** TRY IT **
Among the lines below, return each one that contains the word "Premium".

** DATASET RECORDS **
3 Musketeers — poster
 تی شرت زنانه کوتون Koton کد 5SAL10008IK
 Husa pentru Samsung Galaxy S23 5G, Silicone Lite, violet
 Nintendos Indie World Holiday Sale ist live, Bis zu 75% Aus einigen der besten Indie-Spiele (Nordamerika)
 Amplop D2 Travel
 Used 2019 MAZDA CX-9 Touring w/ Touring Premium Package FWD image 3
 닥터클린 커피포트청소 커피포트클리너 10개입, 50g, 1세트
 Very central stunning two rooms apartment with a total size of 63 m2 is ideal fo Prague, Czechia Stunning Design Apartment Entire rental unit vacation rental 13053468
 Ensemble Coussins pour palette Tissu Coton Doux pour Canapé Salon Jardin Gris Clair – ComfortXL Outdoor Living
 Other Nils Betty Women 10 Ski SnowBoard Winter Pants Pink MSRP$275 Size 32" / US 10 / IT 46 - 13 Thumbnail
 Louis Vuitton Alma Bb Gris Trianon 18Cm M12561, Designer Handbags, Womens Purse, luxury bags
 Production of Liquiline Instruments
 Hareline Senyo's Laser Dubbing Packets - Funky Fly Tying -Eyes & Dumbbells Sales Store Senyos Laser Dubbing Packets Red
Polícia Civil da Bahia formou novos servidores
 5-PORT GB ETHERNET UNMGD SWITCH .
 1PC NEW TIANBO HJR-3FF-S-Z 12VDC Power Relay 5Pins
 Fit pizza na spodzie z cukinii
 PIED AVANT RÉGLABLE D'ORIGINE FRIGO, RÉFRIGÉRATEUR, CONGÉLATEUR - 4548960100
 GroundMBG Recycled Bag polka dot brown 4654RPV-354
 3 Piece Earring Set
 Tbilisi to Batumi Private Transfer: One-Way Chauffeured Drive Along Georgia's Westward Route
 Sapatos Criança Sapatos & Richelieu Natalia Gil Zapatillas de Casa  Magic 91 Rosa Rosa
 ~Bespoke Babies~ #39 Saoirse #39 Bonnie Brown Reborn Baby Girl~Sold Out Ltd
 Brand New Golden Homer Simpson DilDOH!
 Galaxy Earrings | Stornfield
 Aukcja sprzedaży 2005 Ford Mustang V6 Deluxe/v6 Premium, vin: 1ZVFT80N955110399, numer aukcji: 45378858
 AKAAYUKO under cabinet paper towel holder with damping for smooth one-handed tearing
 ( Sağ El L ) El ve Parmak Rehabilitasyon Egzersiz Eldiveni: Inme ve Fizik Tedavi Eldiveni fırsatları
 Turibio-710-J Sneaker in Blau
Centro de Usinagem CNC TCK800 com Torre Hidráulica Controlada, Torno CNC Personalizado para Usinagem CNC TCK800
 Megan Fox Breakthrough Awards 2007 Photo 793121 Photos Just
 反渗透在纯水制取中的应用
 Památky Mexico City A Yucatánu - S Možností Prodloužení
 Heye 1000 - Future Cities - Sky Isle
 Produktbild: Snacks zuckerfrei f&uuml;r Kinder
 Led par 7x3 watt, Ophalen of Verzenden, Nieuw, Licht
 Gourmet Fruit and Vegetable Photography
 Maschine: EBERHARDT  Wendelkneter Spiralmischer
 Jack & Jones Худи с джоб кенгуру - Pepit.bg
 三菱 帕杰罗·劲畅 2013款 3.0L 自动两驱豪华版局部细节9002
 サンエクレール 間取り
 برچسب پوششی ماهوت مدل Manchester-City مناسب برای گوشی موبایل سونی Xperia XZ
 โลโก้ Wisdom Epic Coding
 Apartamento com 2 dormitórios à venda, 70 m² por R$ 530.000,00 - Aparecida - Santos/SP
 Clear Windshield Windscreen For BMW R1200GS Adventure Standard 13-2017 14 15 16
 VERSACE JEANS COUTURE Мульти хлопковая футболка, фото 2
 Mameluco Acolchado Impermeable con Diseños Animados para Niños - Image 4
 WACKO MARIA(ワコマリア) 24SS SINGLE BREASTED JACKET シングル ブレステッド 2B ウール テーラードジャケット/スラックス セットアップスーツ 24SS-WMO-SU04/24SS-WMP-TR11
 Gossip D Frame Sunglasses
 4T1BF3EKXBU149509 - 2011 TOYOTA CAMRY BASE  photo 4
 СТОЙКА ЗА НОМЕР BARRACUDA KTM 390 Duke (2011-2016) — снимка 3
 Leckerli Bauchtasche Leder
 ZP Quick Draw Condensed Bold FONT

** SOLUTION FOR THIS PROBLEM **
 Used 2019 MAZDA CX-9 Touring w/ Touring Premium Package FWD image 3
 Aukcja sprzedaży 2005 Ford Mustang V6 Deluxe/v6 Premium, vin: 1ZVFT80N955110399, numer aukcji: 45378858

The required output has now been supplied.